**What the task requires**
Output, exactly as written, the lines below starting at the line containing "Road to Platinum" and ending at the line containing "Pregnant Woman Refuses". Drop the pictures and keep both end lines.
+===+
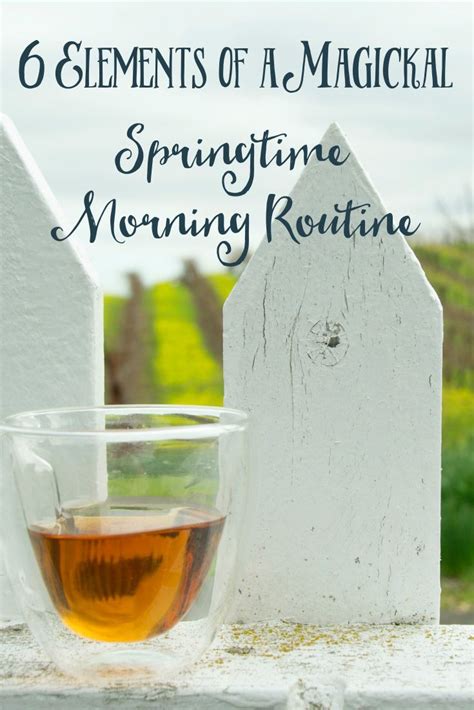 6 Elements Of A Magickal Springtime Morning Routine The Witch Of
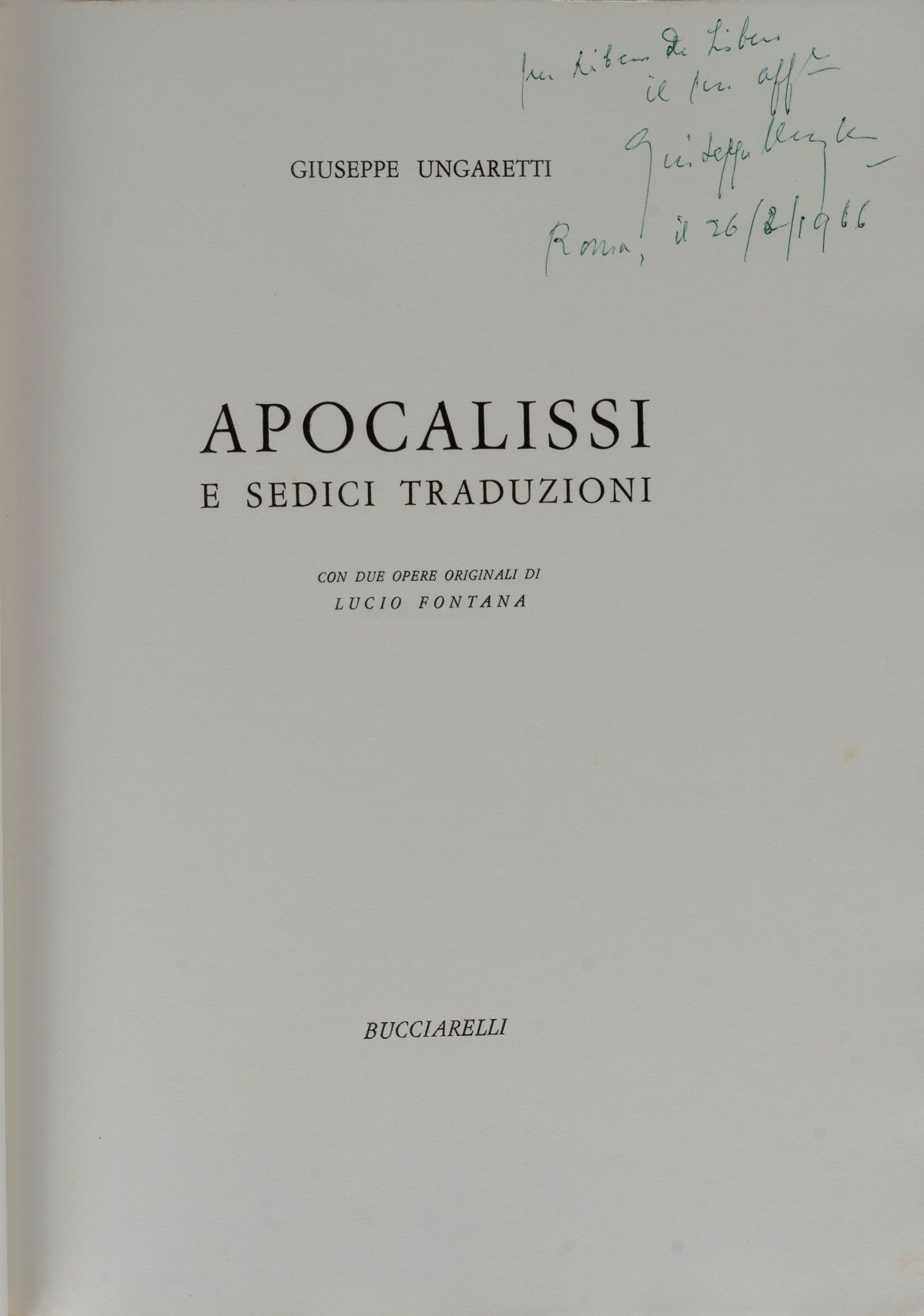 Lucio Fontana - Apocalissi e Sedici Traduzioni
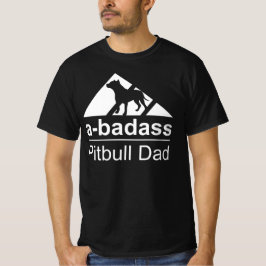A-badass Pitbull Pap T-shirt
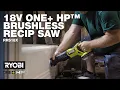 RYOBI The 18V ONE HP Brushless Recip Saw RRS18X cuts through just about anything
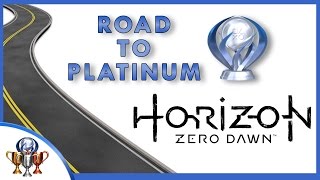 Road to Platinum - Horizon Zero Dawn Full Trophy Guide (All Allies, Collectibles, Side Quests, etc)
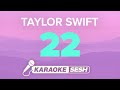 22 Karaoke | Taylor Swift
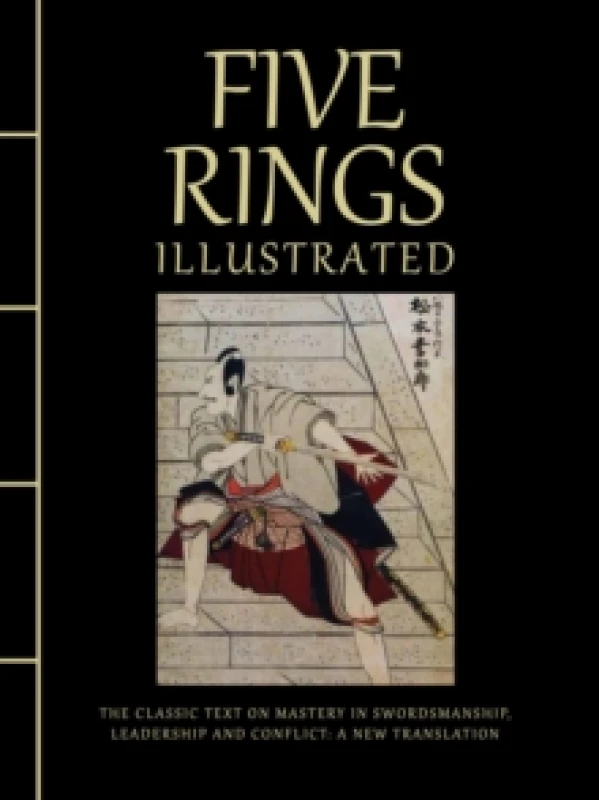 Image of Five Rings Illustrated : The Classic Text on Mastery in Swordsmanship, Leadership and Conflict: A New Translation Hardback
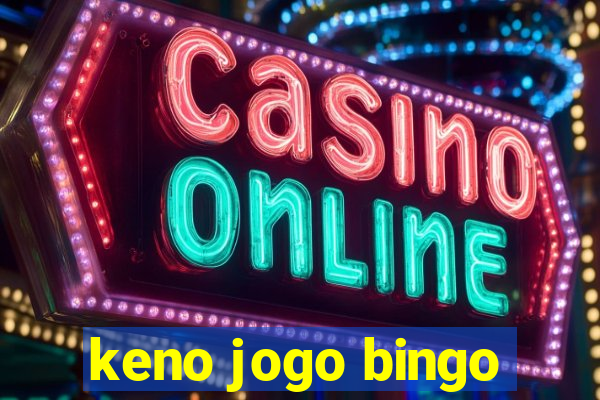 keno jogo bingo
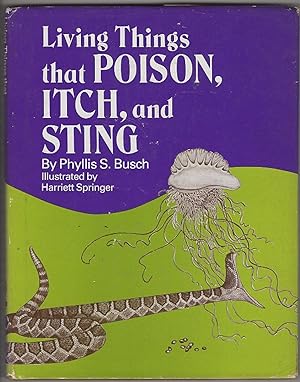 Bild des Verkufers fr Living Things That Poison, Itch, and Sting zum Verkauf von Recycled Books & Music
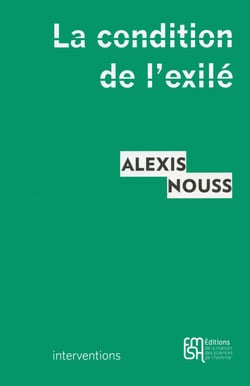 La condition de l’exilé - Penser les migrations contemporaines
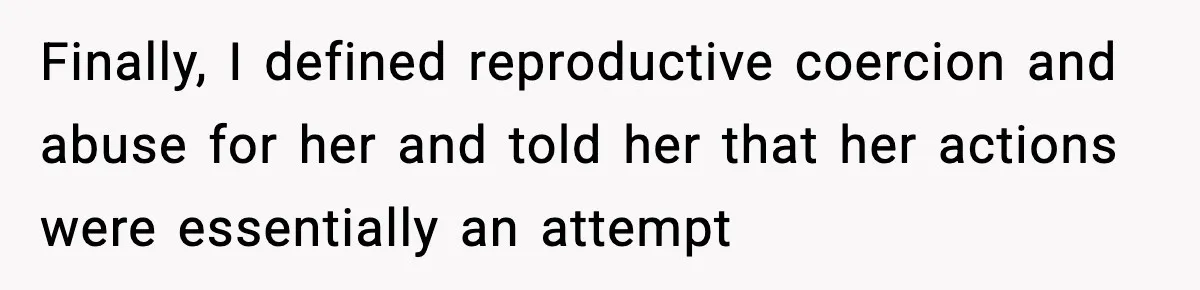 Pregnant Woman Refuses to Leave Her Apartment, So Her Roommate Tries to Punish Her for Keeping the Baby Finally, I defined reproductive coercion and abuse for her and told her that her actions were essentially an attempt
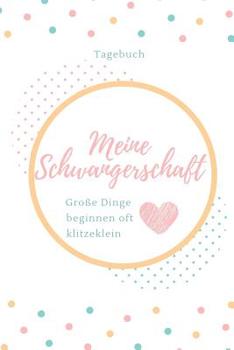 Meine Schwangerschaft Gro�e Dinge Beginnen Oft Klitzeklein Tagebuch: A5 52 Wochen Kalender als Geschenk f�r Schwangere - Geschenkidee f�r werdene M�tter - Schwangerschafts-tagebuch - Kalender - Erinne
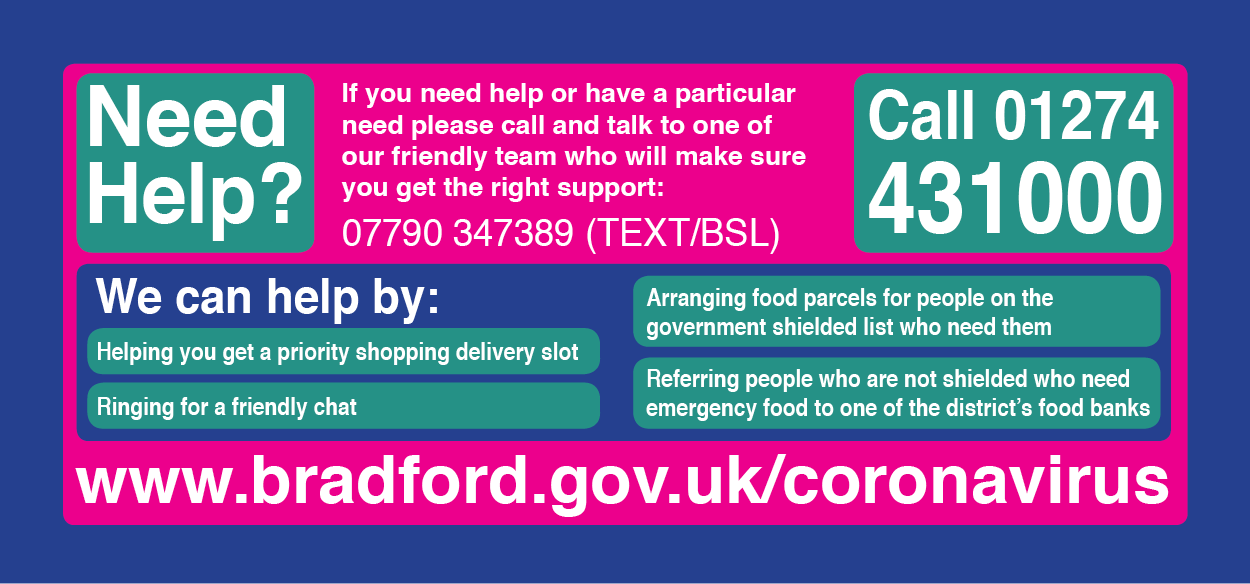 Need help? Call 01274 431000 or text 07790 347390 for BSL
+===+
**Solution to this task**
 Road to Platinum - Horizon Zero Dawn Full Trophy Guide (All Allies, Collectibles, Side Quests, etc)
 22 Karaoke | Taylor Swift
 Image of Five Rings Illustrated : The Classic Text on Mastery in Swordsmanship, Leadership and Conflict: A New Translation Hardback
 keno jogo bingo
 Bild des Verkufers fr Living Things That Poison, Itch, and Sting zum Verkauf von Recycled Books & Music
 La condition de l’exilé - Penser les migrations contemporaines
 Pregnant Woman Refuses to Leave Her Apartment, So Her Roommate Tries to Punish Her for Keeping the Baby Finally, I defined reproductive coercion and abuse for her and told her that her actions were essentially an attempt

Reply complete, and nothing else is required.